• [What to do] Retype, word for word, each line between the lines holding "沙特利雅得酒店用品及餐饮设备展览会The Hotel Show" and "Jazzpunk: Director's Cut cover", inclusive, and leave the rest of the data alone.
[Provided records Boundary: Start]
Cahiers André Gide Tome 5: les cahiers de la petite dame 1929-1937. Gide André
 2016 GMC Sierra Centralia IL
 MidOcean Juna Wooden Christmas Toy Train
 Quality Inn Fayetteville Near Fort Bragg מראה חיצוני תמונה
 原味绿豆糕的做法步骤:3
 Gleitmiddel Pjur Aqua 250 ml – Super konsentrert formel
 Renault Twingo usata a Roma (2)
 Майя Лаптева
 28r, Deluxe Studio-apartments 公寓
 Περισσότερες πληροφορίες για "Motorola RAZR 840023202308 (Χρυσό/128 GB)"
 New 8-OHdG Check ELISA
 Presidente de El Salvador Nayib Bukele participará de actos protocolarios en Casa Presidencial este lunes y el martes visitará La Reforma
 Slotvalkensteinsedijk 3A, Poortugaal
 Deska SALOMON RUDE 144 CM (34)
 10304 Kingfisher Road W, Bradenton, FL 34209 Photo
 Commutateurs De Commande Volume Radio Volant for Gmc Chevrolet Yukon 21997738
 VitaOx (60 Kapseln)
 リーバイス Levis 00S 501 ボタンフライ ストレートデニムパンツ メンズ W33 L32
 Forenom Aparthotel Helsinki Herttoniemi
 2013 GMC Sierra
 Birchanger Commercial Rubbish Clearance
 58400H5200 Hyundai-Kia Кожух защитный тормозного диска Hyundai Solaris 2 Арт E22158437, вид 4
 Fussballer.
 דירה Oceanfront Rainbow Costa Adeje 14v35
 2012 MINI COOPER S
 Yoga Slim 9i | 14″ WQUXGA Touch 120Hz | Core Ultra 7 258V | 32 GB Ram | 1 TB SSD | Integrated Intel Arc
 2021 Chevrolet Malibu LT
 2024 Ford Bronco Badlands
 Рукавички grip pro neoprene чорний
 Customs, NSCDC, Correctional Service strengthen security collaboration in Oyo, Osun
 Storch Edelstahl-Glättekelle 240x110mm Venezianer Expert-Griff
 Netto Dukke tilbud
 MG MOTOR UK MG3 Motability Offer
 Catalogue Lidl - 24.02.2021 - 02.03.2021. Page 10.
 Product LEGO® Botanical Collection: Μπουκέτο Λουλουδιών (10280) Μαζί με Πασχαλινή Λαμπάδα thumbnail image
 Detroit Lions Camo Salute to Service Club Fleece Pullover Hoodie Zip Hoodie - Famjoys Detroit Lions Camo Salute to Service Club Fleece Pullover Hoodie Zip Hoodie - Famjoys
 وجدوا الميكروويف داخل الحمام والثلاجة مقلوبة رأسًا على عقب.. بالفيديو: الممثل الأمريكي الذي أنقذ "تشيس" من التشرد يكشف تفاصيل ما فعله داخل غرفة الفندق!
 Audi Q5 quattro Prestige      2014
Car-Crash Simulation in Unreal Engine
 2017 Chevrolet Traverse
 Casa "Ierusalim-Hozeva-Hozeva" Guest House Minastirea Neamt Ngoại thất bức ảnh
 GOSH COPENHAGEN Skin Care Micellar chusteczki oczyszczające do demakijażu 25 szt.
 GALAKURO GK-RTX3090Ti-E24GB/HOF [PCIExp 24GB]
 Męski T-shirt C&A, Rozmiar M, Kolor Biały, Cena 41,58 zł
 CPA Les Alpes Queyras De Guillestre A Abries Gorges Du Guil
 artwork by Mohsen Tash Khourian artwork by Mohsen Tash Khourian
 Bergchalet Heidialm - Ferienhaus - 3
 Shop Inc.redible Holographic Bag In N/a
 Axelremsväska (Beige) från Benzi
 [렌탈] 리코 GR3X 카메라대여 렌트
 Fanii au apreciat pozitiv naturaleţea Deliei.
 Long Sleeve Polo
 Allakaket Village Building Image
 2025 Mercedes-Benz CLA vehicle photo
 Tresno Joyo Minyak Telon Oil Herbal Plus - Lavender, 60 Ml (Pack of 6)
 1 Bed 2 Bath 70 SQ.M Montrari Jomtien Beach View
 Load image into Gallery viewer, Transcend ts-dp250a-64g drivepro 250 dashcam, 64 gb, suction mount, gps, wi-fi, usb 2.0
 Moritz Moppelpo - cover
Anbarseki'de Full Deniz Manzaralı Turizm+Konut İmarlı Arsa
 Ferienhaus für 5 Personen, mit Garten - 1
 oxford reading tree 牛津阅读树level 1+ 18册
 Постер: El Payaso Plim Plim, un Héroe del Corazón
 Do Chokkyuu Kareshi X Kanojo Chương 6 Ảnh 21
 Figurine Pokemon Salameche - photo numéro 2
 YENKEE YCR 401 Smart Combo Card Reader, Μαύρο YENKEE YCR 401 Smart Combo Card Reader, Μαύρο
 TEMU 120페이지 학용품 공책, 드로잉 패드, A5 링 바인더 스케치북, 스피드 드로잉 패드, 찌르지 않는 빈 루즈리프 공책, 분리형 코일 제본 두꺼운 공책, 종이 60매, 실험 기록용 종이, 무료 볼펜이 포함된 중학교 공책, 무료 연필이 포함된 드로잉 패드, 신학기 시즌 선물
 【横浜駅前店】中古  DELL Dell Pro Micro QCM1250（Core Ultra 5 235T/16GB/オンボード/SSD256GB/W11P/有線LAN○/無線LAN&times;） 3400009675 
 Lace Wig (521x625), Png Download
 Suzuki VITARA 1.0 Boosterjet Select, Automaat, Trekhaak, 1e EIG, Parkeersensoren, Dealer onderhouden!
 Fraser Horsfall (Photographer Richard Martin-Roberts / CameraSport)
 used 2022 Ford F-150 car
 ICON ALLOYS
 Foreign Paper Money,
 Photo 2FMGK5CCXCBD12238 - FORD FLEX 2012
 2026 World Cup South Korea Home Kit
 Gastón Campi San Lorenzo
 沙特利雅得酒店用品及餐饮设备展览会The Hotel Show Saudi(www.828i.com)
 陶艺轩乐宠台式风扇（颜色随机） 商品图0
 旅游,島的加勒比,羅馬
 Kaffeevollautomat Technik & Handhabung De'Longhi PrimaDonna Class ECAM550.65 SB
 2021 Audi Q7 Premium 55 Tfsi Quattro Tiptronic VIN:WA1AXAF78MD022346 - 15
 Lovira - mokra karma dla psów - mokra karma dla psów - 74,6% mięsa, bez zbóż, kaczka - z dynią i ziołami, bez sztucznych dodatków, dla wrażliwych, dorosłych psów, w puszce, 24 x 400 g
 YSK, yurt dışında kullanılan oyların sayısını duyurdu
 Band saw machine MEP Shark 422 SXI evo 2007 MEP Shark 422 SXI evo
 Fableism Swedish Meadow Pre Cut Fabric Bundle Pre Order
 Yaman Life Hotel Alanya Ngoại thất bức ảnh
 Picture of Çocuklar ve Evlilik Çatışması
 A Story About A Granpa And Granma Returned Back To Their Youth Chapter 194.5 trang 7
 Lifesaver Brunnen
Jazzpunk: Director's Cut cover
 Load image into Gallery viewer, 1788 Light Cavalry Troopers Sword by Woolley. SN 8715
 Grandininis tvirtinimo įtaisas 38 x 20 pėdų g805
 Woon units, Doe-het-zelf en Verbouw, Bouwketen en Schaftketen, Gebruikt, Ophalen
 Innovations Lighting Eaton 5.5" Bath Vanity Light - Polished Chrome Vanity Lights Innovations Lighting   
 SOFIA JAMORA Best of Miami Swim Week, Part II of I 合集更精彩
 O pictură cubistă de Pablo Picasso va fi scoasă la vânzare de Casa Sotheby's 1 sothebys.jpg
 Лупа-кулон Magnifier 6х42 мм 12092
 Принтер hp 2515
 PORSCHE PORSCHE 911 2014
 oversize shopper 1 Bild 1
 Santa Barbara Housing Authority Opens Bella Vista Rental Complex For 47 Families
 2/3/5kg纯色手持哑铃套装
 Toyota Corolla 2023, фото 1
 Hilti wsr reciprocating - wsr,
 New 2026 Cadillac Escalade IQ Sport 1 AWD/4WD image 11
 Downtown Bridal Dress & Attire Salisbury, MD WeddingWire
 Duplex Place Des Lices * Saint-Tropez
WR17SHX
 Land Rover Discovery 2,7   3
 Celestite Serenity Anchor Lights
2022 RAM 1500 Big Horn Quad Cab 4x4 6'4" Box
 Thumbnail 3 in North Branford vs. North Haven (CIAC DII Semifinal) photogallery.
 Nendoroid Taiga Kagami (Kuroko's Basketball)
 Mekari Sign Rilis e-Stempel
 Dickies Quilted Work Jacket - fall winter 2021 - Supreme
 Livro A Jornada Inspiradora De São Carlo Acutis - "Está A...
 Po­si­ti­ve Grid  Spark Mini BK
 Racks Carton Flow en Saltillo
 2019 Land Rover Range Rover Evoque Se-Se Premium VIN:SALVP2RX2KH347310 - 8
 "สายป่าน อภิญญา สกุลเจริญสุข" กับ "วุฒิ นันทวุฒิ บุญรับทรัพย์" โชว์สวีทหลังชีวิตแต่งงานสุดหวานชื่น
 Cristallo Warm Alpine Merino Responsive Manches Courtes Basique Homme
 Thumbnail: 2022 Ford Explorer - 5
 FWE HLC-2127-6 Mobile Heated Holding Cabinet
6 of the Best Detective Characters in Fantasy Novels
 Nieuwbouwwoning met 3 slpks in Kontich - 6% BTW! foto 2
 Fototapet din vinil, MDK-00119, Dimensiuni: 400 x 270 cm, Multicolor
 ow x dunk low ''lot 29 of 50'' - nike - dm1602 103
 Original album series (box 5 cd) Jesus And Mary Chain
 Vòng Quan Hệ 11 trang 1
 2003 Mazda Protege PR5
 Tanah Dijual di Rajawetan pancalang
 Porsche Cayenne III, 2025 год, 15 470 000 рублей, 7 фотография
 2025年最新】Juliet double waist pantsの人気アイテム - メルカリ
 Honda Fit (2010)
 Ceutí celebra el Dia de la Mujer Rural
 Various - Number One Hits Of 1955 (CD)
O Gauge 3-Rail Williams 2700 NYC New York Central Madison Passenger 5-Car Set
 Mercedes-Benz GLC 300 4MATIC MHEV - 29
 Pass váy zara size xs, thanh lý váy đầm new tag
[Provided records Boundary: End]
• [Completed exercise]
 沙特利雅得酒店用品及餐饮设备展览会The Hotel Show Saudi(www.828i.com)
 陶艺轩乐宠台式风扇（颜色随机） 商品图0
 旅游,島的加勒比,羅馬
 Kaffeevollautomat Technik & Handhabung De'Longhi PrimaDonna Class ECAM550.65 SB
 2021 Audi Q7 Premium 55 Tfsi Quattro Tiptronic VIN:WA1AXAF78MD022346 - 15
 Lovira - mokra karma dla psów - mokra karma dla psów - 74,6% mięsa, bez zbóż, kaczka - z dynią i ziołami, bez sztucznych dodatków, dla wrażliwych, dorosłych psów, w puszce, 24 x 400 g
 YSK, yurt dışında kullanılan oyların sayısını duyurdu
 Band saw machine MEP Shark 422 SXI evo 2007 MEP Shark 422 SXI evo
 Fableism Swedish Meadow Pre Cut Fabric Bundle Pre Order
 Yaman Life Hotel Alanya Ngoại thất bức ảnh
 Picture of Çocuklar ve Evlilik Çatışması
 A Story About A Granpa And Granma Returned Back To Their Youth Chapter 194.5 trang 7
 Lifesaver Brunnen
Jazzpunk: Director's Cut cover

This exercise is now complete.